Ama manda, mandadır.

Bu mahkeme kararının “dahili ve harici” çeşitli yansımaları oldu..

“Altan Biraderler Co.”nun Mehmet olanı etekleri zil çalarak “Ulus Devleti Lahey’de Vurdular” deyip, “Türkiye hızla ikinci Cumhuriyete doğru ilerliyor, Birinci Cumhuriyet dediğim, Kemalizm’dir. İkinci Cumhuriyet dediğim, demokrasidir. Oraya doğru her şeye rağmen çok önemli bir hızla gidiyoruz. Ama İkinci Cumhuriyet olmasına daha var” diye devam etti..

“Birinci Cumhuriyet”, demek Altan şürekâsının yetişmesine yol açtığı için gerçekten bir yerlerde yanlış yapmıştı.

Şimdi bu Altan, Kosova’nın Sırbistan’dan ayrılma kararını onaylamasını mahkemenin, “Ulus Devleti Lahey’de Vurdular” diye yorumluyor..

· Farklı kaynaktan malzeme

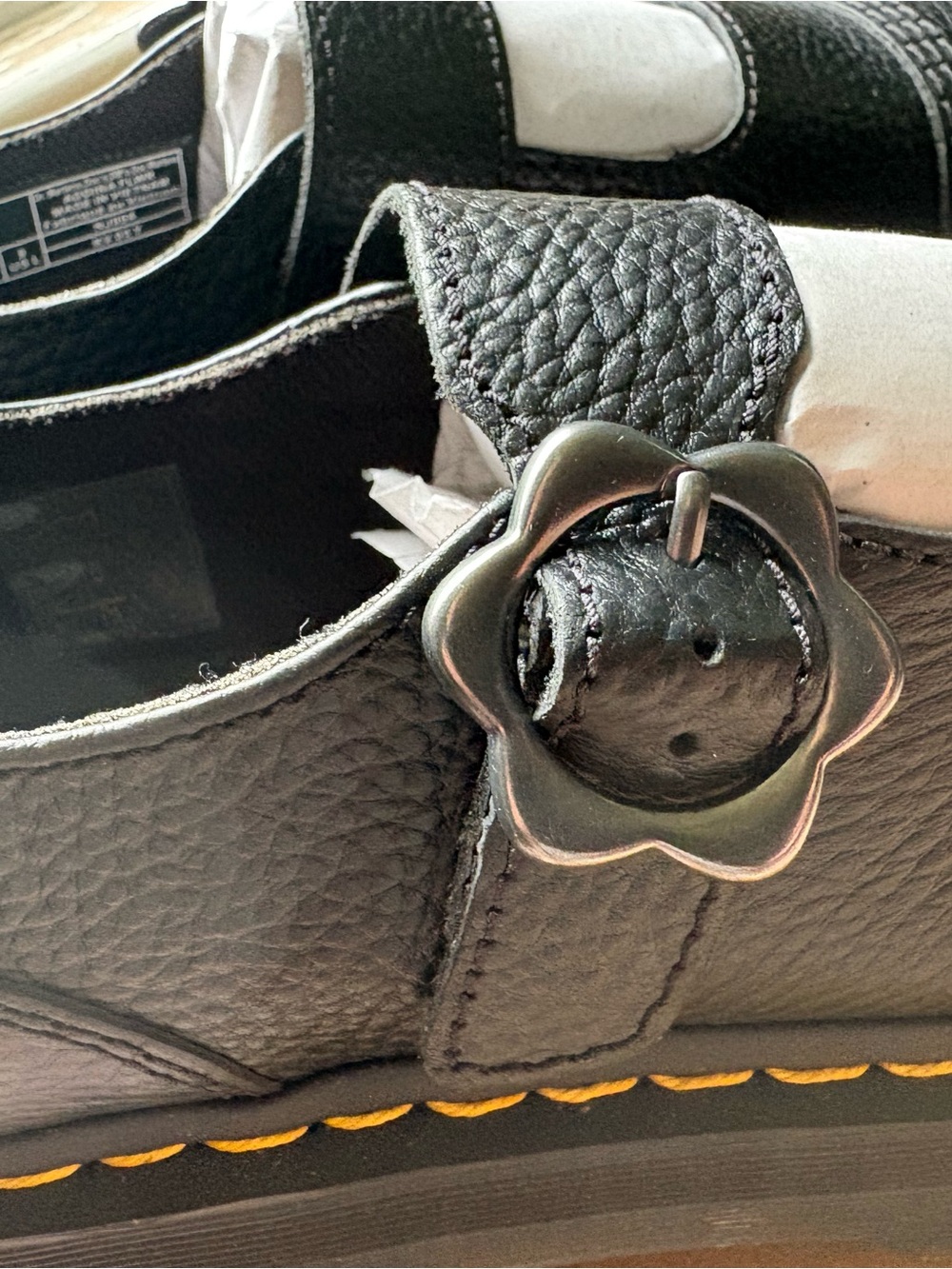 Dr. Martens Black Leather Platform Mary Jane with Flower Buckle - Picture 3 of 5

Yâni Kosova’nın ayrıldığı Sırbistan “Ulus Devlet”ti, öyle mi?

Sovyetler Birliği “ulus devlet”ti, onun ayrılıklarını desteklediği Abhazya ve Güney Osetya Gürcistan “ulus devlet”inden ayrılıyorlar, öyle mi?

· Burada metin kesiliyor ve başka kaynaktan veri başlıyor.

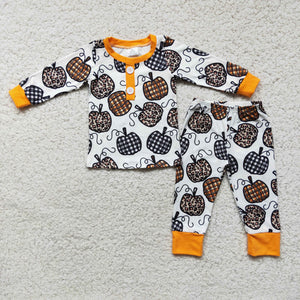 Promotional Plaid Pumpkin Orange White Boys Long Sleeve Pajamas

“Harici”lerden ise Almanya Dışişleri Bakanı Guido Westerwelle, Rum kesimini ziyareti sırasında yaptığı konuşmada “Uluslararası Adalet Divanı’nın, Kosova’nın bağımsızlık ilan etmesinin, uluslararası hukuka aykırı olmadığını içeren kararının, Kıbrıs veya başka bir ülke için geçerli olmayacağını” söyledi. Westerwelle konuşmasında, UAD kararının, “dünyadaki diğer örneklerle ilişkisi olmadığını” kaydetti.

Yok yahu?

Neden olamıyormuş “özellikle KKTC” konusunda?

Kosova’nın ABD-AB bayraklı bağımsızlık ilanını 69 ülkenin hemen tanıması; Türk bayraklı KKTC’nin ise 27 yıldır Türkiye dışında tanınmamış olması “konjonktür icabı” dır.

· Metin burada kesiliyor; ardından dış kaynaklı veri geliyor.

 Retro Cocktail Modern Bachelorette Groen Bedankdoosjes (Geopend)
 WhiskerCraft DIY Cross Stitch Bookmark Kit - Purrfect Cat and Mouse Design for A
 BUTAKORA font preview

Demek ki Kosova için “derhal” oluş(turul)an şartlar, KKTC için “henüz”  ve bir türlü oluş(turula)mamıştır..

Lâf aramızda 1983’den bu yana da Türkiye Cumhuriyeti’nin, dost ve müttefiklerinden “tanıyın” diye ısrarlı ve planlı bir talebi olmamıştır, “görüşmelere sekte vuruyor” görüntüsü vermemek için..

Bağımsız ve tanınmış bir devletin masaya oturması, daha inandırıcı olmaz mıydı?

Ha bu arada, KKTC…. “Türkiye’nin himayesi” altındadır.

KKTC’de de 2004 Annan Referandumu sırasında cümle sorosçular ile Karen Fogg çocukları, Kosova sokaklarında olduğu gibi, mitinglere katılan Büyükelçiler eşliğinde AB hatta Rum bayrakları ile yollara dökülmüşlerdi.

Bakın “Kurucu Cumhurbaşkanı” Denktaş ne diyor..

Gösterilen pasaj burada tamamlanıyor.